No doubt, my father. Dr. Philip Robin grew up in a tenement in the Bronx back in the 1930s. None of his family had ever graduated high school let alone college and professional school. With no financial and very little family moral support, Dr. Robin put himself through City College of New York and, even though he had traveled far from the 5 boroughs, Washington University in St. Louis. He eventually went to Pennsylvania College of Optometry in Philadelphia, met my eventual mother, and developed a full and successful family and professional life in the Philly area. My dad was always my greatest supporter and my most realistic critic. I remember giving him a paper I wrote for some class in high school. It was, of course, due the next day. He read it, looked up at me, and – without saying a word – tore the paper up (there were no home shredders back then!). All he said to me was, “You can do better”. And, indeed I did. To this day, I always keep the torn up high school paper in the back of my mind when I’m setting out to complete a task or project. Fortunately, both my mom and dad are still with us and healthy. They live here in the Ft. Myers area and were 2 of the main reasons my wife and I relocated from Orlandto to Ft Myers last year!
If you could have dinner with one person, throughout all of history, who would it be and why?

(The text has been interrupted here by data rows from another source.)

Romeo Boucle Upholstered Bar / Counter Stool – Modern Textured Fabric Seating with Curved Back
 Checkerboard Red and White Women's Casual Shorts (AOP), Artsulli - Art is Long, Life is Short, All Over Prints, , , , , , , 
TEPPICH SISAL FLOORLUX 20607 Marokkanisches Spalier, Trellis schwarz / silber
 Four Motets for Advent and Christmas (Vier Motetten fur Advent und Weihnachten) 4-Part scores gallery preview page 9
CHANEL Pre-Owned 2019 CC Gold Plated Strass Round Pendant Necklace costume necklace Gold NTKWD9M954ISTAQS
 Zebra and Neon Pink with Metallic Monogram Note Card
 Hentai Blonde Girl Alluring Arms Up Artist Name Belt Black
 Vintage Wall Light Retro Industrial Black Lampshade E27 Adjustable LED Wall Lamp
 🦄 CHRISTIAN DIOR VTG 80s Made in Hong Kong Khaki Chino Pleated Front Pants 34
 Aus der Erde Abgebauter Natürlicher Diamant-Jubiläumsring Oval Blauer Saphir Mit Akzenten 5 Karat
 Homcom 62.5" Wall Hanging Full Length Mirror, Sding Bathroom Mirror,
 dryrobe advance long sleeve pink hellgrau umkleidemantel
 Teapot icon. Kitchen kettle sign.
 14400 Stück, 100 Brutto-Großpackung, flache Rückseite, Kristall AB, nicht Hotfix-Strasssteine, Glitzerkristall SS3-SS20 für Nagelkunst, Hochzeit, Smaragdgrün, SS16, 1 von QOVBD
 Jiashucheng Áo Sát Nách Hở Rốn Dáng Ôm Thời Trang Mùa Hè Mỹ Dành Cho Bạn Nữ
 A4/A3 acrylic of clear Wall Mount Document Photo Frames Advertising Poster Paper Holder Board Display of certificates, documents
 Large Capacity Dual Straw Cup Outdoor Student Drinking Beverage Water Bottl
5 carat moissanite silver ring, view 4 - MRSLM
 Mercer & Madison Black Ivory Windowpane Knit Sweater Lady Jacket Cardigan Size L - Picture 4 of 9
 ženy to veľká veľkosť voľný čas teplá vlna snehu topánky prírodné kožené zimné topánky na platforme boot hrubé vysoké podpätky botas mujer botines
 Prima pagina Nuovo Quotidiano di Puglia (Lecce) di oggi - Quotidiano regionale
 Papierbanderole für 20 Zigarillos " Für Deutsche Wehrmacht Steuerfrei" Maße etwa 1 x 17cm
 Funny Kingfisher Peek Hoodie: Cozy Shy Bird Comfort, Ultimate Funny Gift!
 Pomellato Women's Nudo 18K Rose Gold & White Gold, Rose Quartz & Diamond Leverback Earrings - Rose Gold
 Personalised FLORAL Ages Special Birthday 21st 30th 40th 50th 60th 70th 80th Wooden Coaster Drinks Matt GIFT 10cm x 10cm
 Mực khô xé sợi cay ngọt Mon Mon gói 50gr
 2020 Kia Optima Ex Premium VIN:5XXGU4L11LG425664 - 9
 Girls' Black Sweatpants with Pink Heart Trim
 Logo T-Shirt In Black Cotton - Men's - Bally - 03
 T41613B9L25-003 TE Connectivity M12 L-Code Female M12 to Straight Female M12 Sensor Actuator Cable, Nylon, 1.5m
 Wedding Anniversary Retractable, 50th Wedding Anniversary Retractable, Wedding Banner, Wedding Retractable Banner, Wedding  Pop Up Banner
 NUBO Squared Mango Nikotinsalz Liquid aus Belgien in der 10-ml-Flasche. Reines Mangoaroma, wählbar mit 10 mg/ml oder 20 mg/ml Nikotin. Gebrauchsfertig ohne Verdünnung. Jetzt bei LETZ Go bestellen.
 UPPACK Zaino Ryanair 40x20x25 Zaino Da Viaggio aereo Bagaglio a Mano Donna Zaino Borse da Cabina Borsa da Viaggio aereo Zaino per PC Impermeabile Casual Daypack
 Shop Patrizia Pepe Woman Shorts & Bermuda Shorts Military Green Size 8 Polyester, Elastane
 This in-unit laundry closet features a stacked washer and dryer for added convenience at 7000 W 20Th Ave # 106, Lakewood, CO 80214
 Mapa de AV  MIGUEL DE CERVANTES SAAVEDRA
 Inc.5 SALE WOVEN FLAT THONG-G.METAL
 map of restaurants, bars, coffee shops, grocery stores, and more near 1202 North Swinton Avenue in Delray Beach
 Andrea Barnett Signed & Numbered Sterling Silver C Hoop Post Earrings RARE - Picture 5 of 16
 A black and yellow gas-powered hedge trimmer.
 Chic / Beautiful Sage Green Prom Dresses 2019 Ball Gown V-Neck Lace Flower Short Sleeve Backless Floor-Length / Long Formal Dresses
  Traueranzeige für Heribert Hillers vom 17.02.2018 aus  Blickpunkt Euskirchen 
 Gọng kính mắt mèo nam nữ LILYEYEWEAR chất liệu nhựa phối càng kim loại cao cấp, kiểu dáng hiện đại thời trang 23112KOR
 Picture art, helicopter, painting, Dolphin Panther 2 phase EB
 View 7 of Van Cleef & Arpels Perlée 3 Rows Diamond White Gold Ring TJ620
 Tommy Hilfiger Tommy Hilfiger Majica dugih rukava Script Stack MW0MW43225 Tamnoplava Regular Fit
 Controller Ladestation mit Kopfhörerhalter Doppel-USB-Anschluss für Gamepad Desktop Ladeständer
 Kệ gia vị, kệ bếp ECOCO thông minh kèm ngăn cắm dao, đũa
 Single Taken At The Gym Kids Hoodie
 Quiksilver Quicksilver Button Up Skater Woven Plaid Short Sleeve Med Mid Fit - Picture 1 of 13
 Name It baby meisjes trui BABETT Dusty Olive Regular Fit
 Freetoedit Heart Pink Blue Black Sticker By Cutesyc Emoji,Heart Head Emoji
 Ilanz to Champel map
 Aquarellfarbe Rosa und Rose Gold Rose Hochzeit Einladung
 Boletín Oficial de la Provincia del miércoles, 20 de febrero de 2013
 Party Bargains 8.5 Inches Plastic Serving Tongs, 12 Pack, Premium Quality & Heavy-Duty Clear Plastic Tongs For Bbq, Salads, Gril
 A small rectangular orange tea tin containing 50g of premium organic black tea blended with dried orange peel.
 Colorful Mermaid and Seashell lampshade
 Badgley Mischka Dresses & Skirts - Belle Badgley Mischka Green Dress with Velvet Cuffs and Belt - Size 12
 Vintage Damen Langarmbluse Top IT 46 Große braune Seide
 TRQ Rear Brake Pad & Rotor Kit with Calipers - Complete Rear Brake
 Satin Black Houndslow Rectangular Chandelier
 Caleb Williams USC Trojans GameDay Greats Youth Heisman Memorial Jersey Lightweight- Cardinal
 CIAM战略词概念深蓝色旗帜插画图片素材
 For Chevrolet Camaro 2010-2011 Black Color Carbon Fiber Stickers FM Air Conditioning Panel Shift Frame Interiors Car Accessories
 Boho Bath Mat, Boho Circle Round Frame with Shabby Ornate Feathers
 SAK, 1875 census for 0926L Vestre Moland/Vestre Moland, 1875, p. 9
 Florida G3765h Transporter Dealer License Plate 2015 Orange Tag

I’m going to take the liberty of not identifying a single person, but rather selecting a large group (one of those large private dining rooms would suffice) of physicians and physician researchers from well before the era of modern technology. One of the maxims I’ve learned over my career is that any time you think you’ve come up with a new concept or procedures, chances are very good it’s already been done! I’ve always marveled at the physicians, from the physicians to Pharoes in ancient Egypt , to Galen in ancient Rome, to Hippocrates in ancient Greece, to Guy de Chauliac in the throes of the great plague – how did these giants, with basically only their minds, develop such cogent observations and treatment approaches? We practicing physicians today – with our MRIs, CT scans, genetic codes, etc – struggle mightily against the forces of disease. Imagine our predecessors….with only their wits…imagine if they were able to join me and have a glimpse of the technology and new vistas in medical science and care! And, the old guys are making a bit of a comeback! A mainstay of the ancient days – leeches – have found their way back into modern care. Doubtless, the old guys could teach us a thing or two!! Quite a dinner this would be, indeed!!
What superhero would you be and why?
I’ve never been good at the “What kind of tree would you be and why?” questions that seem to be so in vogue these days. I guess the easiest Marvel superhero would be Doctor Strange, but he’s not my favorite. And no ophthalmologist would be attracted to Cyclops! I guess I would have the most affinity for Thor and his “unwavering belief in humanity”, support for the downtrodden, and commitment to protect the innocent. In a way, that’s what we do – especially at a leading eye care institution such as Frantz Eye Care!